Freshman Kyeesha “Mika” Makekau has adapted nicely to the collegiate level in her first season and has fully embraced her new role as kicker on the Leopard football team. She made her debut Sept. 7 with a 26-yard field goal against Whitworth. / photo by Katelyn Keeling

Christopher Livingston
Staff Writer

Kyeesha “Mika” Makekau, a native of the state of Hawaii, arrived at the University of La Verne this semester to become the first ever female football player.

To summarize how her first semester at the university has been going, it has been nothing short of amazing.

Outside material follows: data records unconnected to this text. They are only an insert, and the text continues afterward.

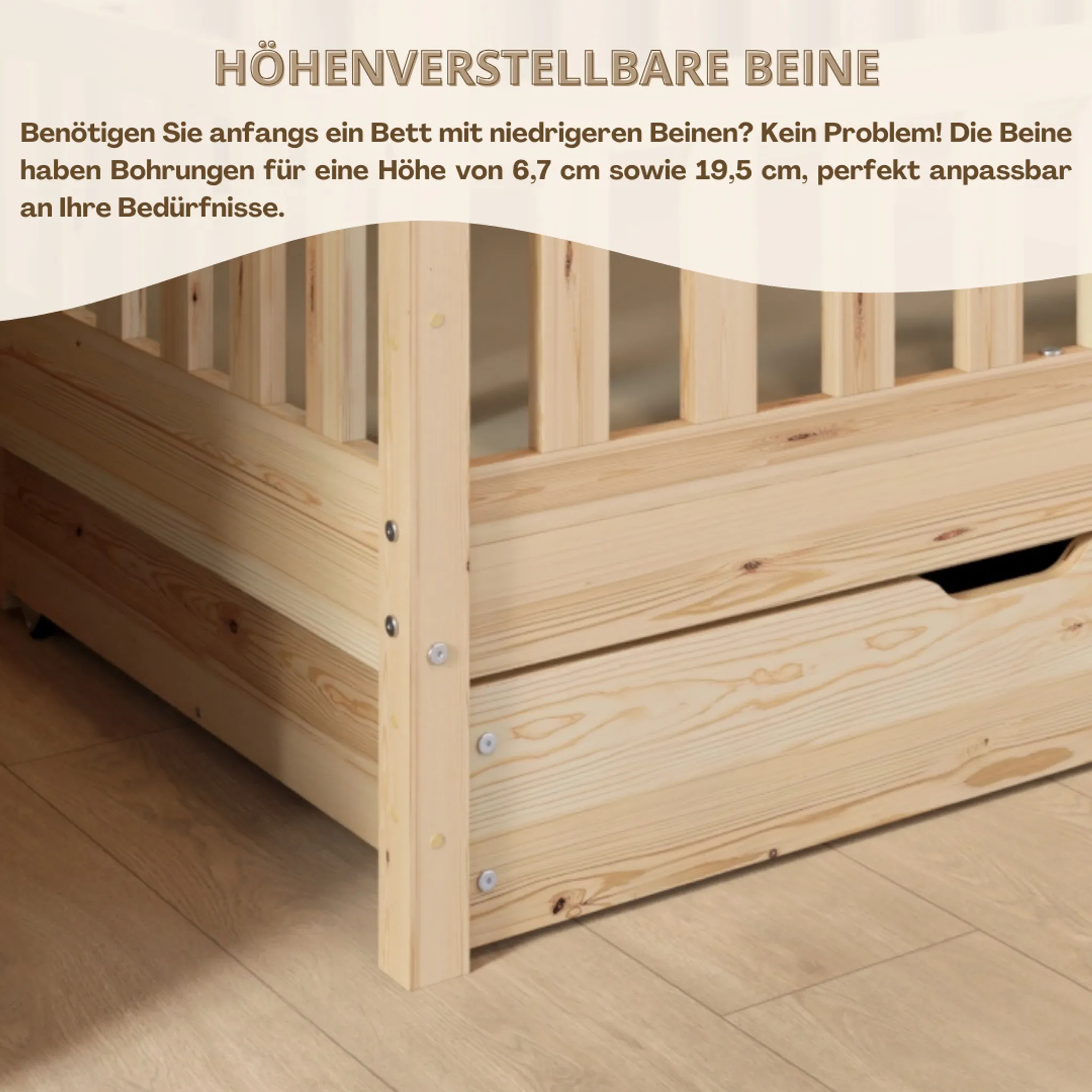 Crazy Pine House Bed with Drawers 80x160 cm – Children's Bed Made of Natural Wood – Floor Bed with Storage and Removable Barrier - Crazy House - Online Shop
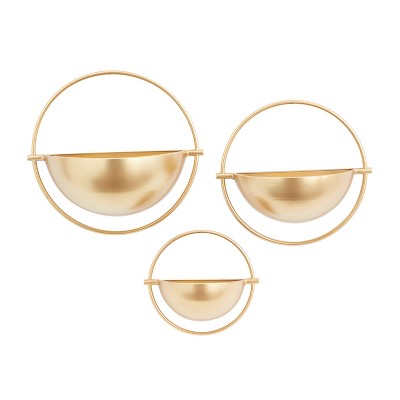 14.75" 3pc Contemporary Metal Planter Pots - Olivia & May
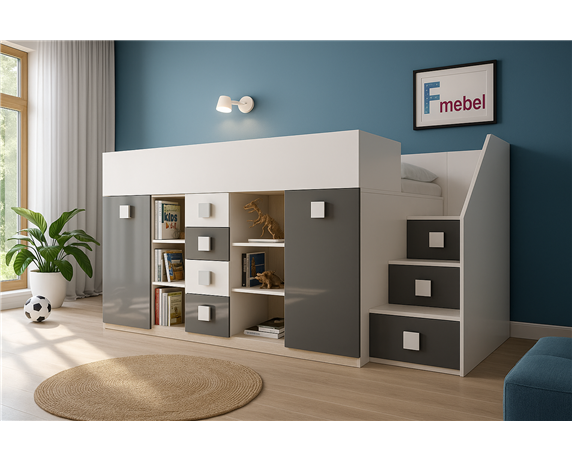 Кровать-чердак со шкафом Висконсин Fmebel 90x200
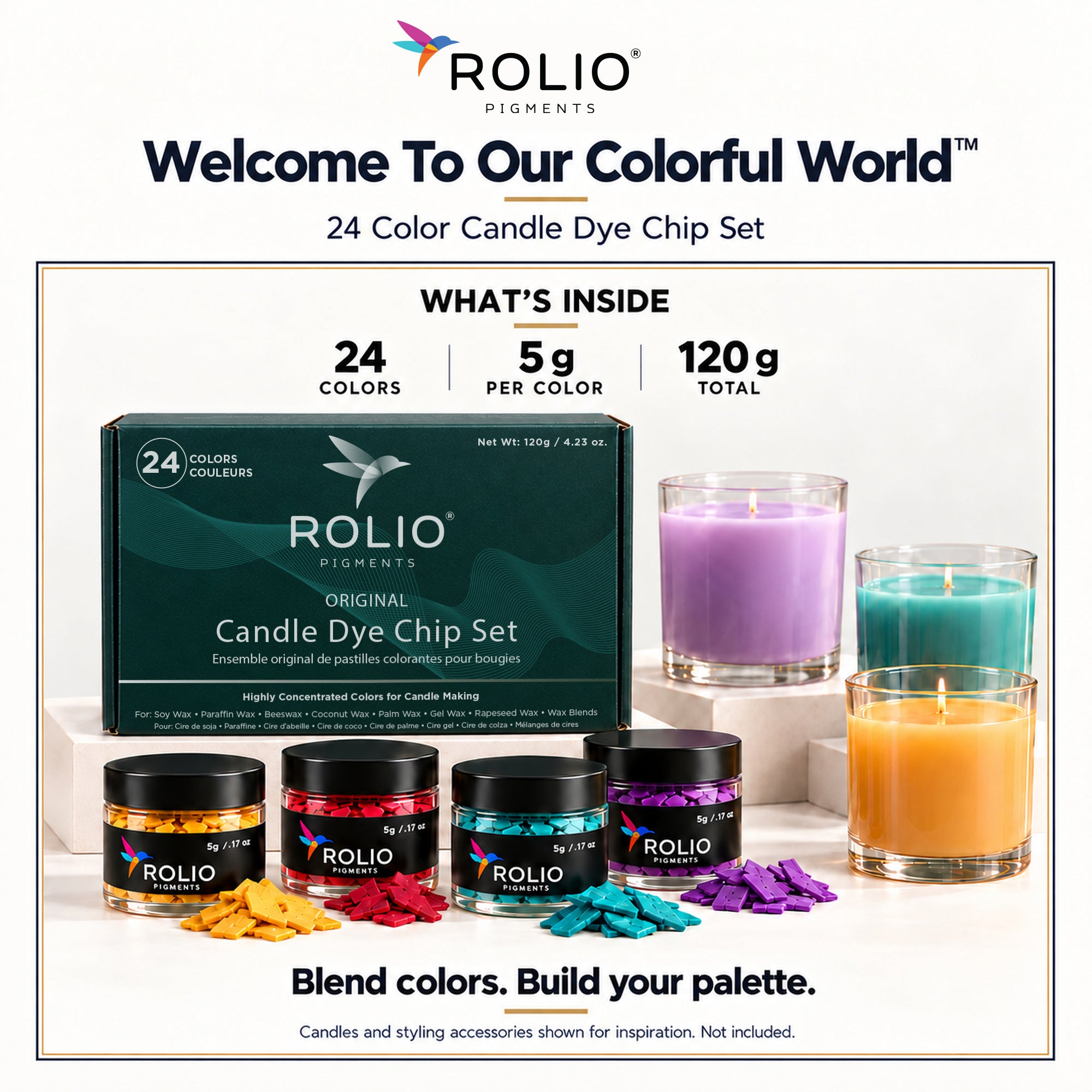 Candle Dye Chip Set - 24 Colors - 5g Jars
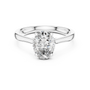 The Celestial Oval Solitaire Hidden Halo Engagement Ring for Women
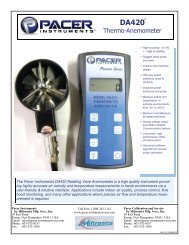 Model AP275 ROTATING VANE ANEMOMETER ... - Pacer Instruments
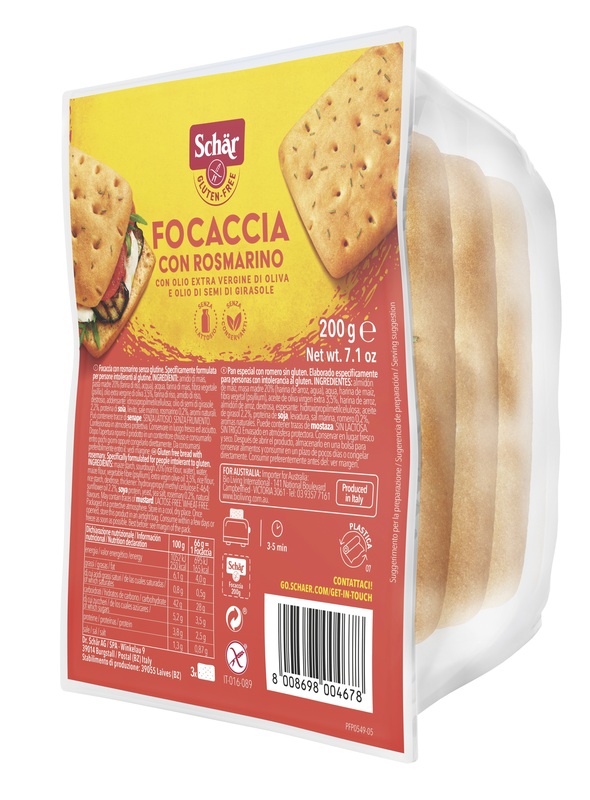 SCHAR FOCACCIA CON ROSMARINO SENZA LATTOSIO 200 G - dottorbianchi.it
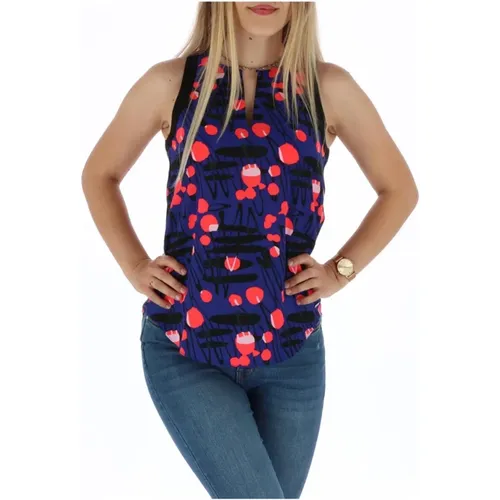 Sleeveless Tops, female, , Size: S Elegant Sleeveless Abstract Blouse - Armani Exchange - Modalova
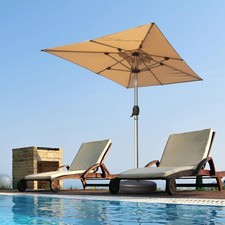 6' x 4' Rectangular Patio Umbrella Table Umbrella with 8 Sturdy Ribs Tilt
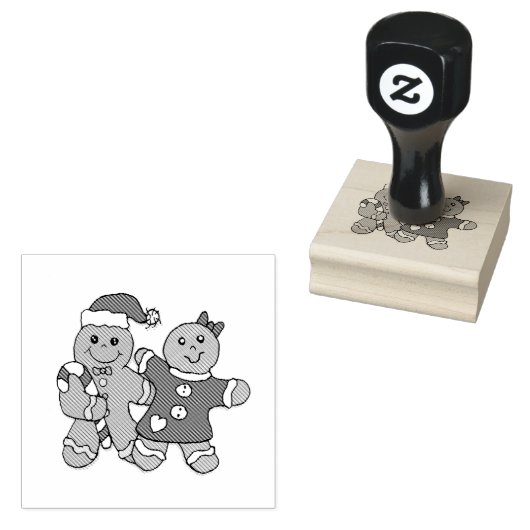 Schattig Kerst Gingerbread Koppel Rubberstempel (Gestempeld)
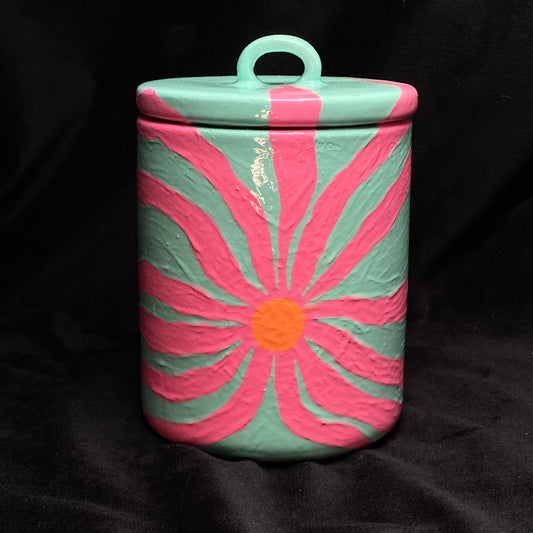Modern Artifact Ceramic Abstract Pink Flower Canister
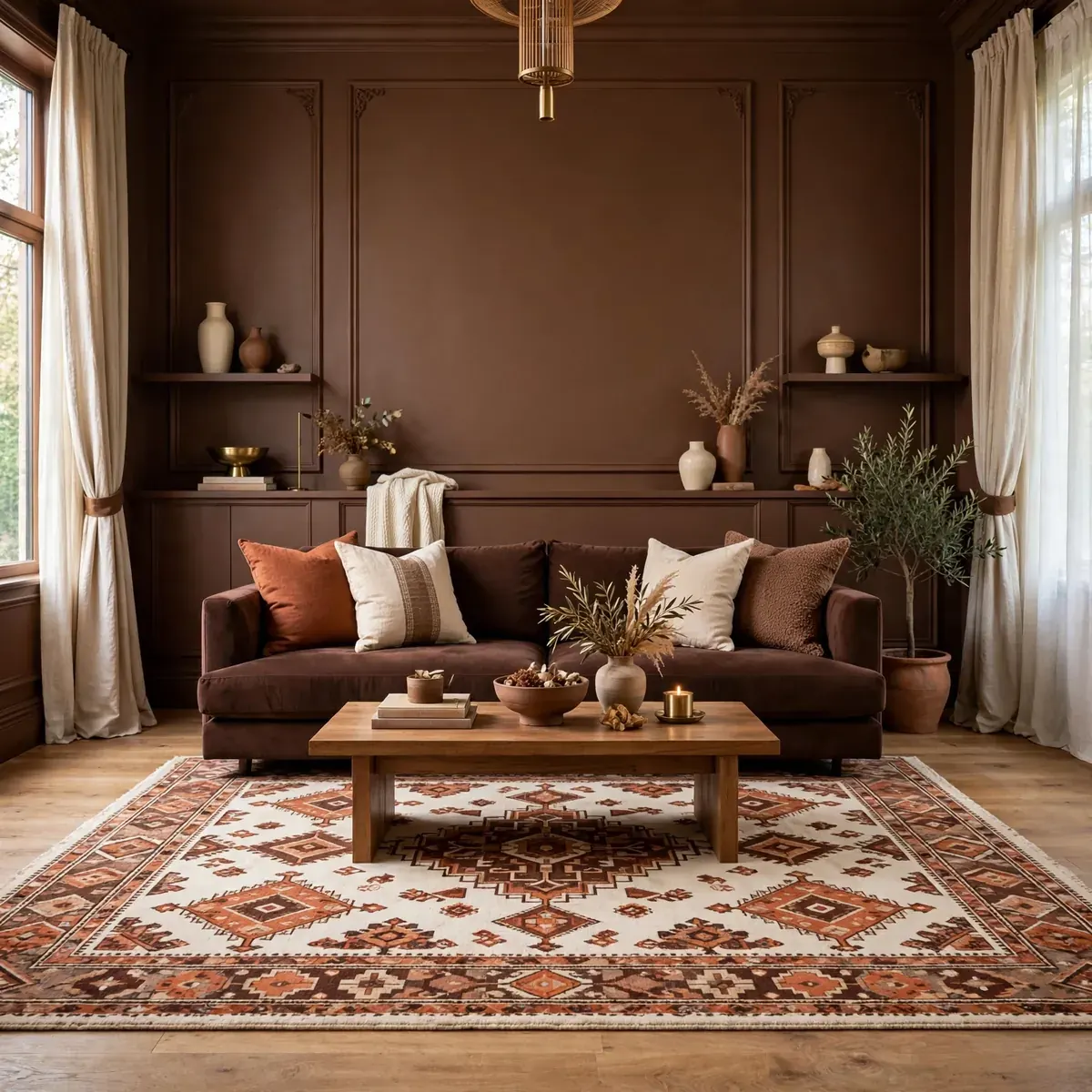 Patterned area rug chocolate brown living room ideas with a cream terracotta rug under a brown sofa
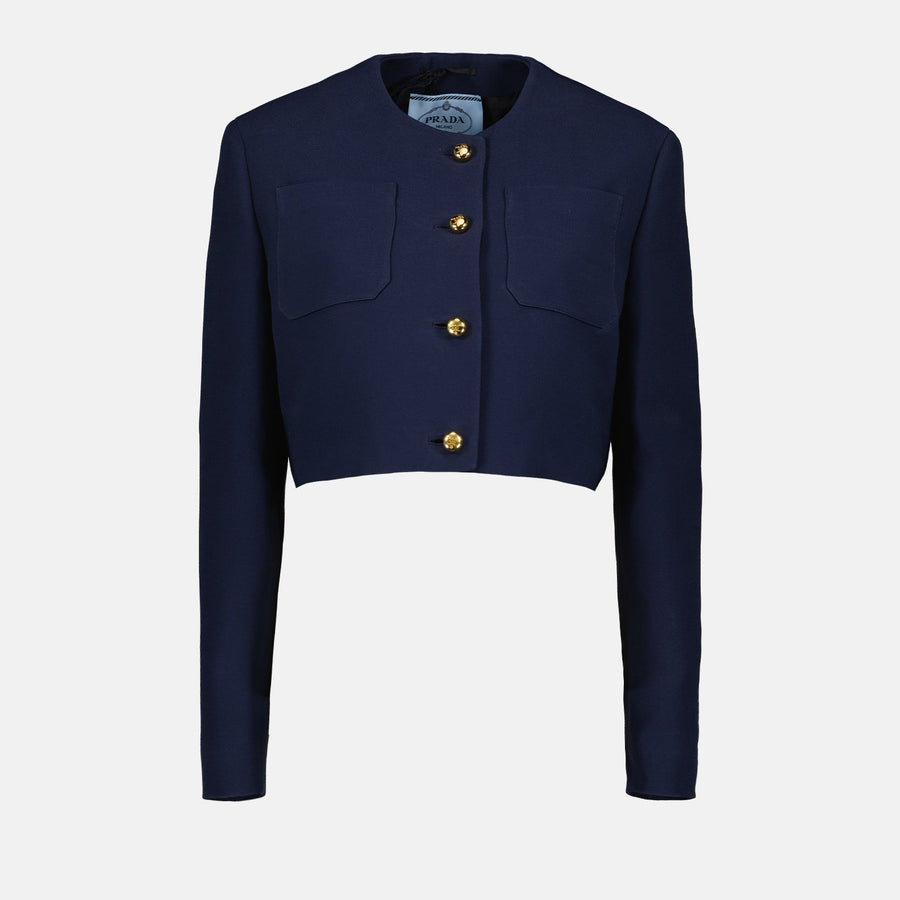 Prada Cropped Structured Jacket with Gold Buttons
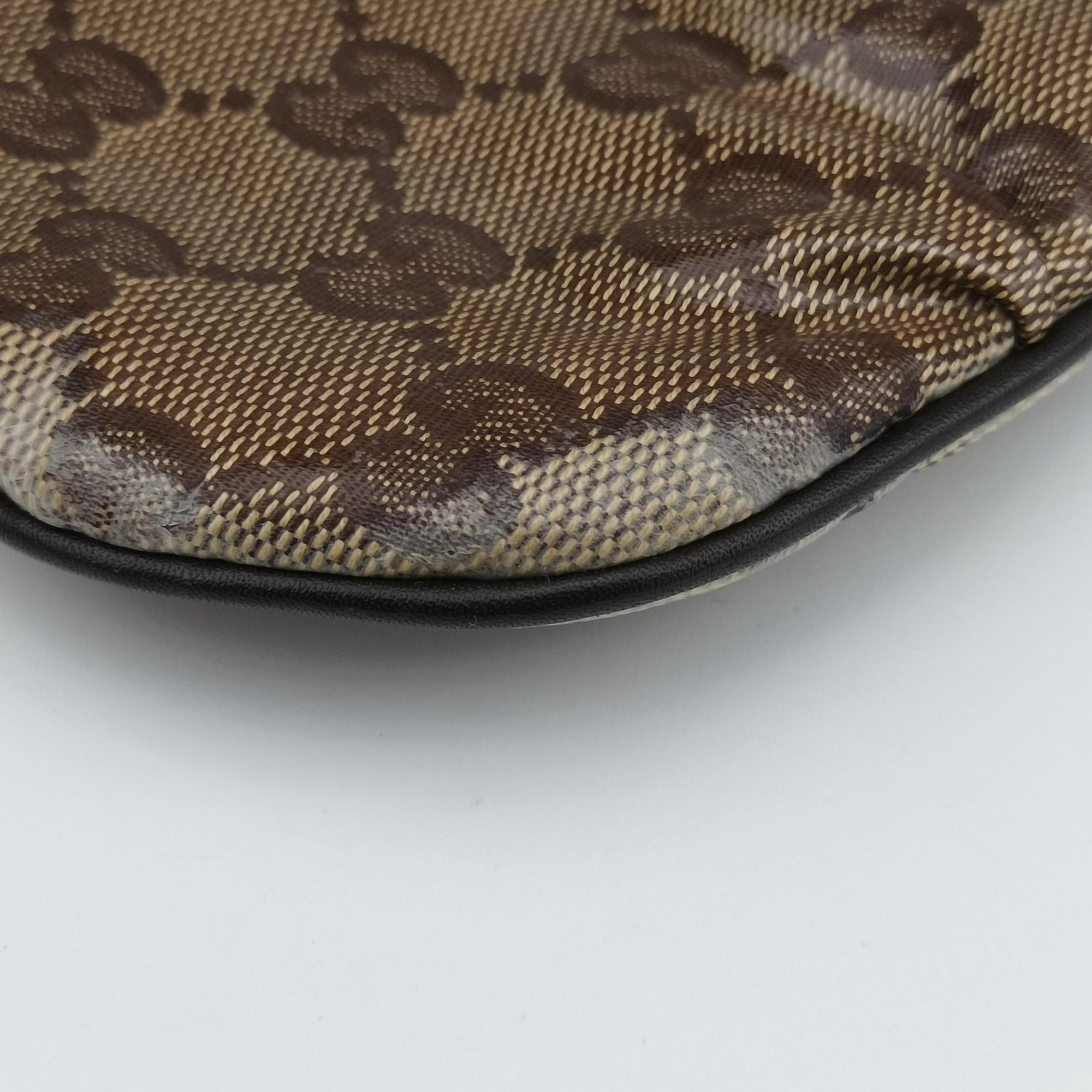 Pre-owned Gucci GG Crystal Beige×Brown coated canvas 212122 shoulderbag | stylenewstar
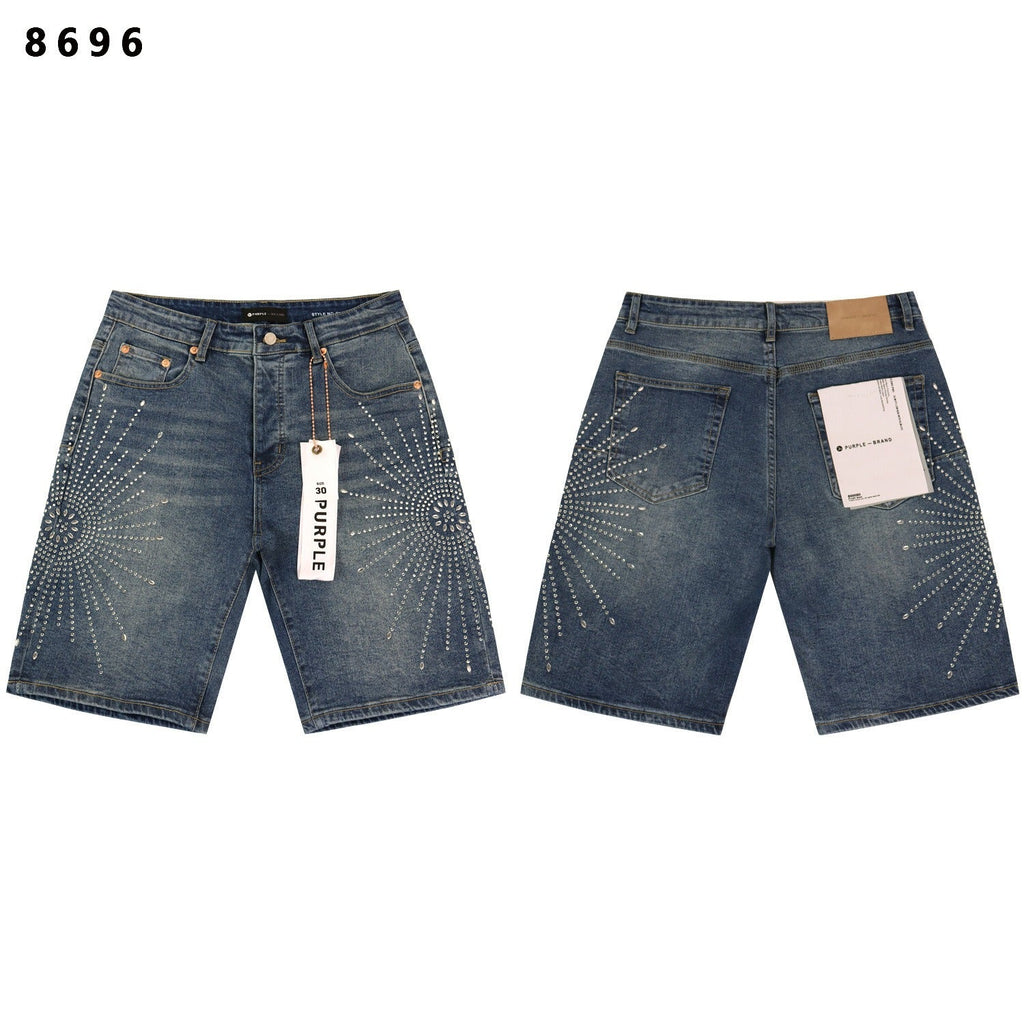 Purple Brand Rhinestone Relaxed-Fit Denim Shorts Unisex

“I have no complaints so far,” Makekau said. “Everyone is pretty welcoming, it’s a nice community to be part of. It’s been great!”

She played football at the ‘Iolani School in Honolulu, Hawaii where she set the state record for the longest field goal ever kicked by a female football player, 44 yards.

For her, the transition from high school football to the collegiate level has been exciting.

“It’s definitely different from high school, college expectations are way higher than it was in high school,” Makekau said. “But the coaches, the players, and the whole football program have been easy to work with so it’s been nice.”

According to Max Preps, Makekau is the 15th female football player in college football history.

With a number of historic accolades already under her belt, Makekau has been handling the pressure and attention well.

Leopards’ defensive backs coach and fellow native Hawaiian Devin Carillo was one of the first to get in contact with Makekau during the recruiting process and has witnessed her growth from day one.

“Watching her from when she first stepped foot on campus, she’s come outside of her comfort zone. She used to be very, very, quiet,” Carillo said. “But now she’s more playful, she’s more comfortable around her teammates. With that she’s building brotherhood and sisterhood.”

Having a woman on the football team provides head coach Chris Krich with different challenges that he has taken head on. 

These challenges include how he usually addresses the team, and having to figure out logistical things such as where she dresses or stays on away trips.

“It’s awesome to have this opportunity to have a change to this sport, and to have Mika have the opportunity to come out here and showcase what she can do,” Krich said.

Krich said he has also noticed the growth and camaraderie that Makekau’s presence has brought to the team.

“She brings a whole other level to the family atmosphere to our program,” Krich said. “The morale she brings is unmatched. We really enjoy having her on this football team.”

Although Makekau is not the starting kicker on the active roster, she has learned a lot from working with junior place kicker Diego Garcia.

“She’s like a little sister. We treat her like one of the guys,” Garcia said. “She’s one of us, she works just as hard as everyone else, she completes the same workouts. She’s just one of us.”

The family bond that the team shares with Makekau, has helped with her being away from her family back in Hawaii.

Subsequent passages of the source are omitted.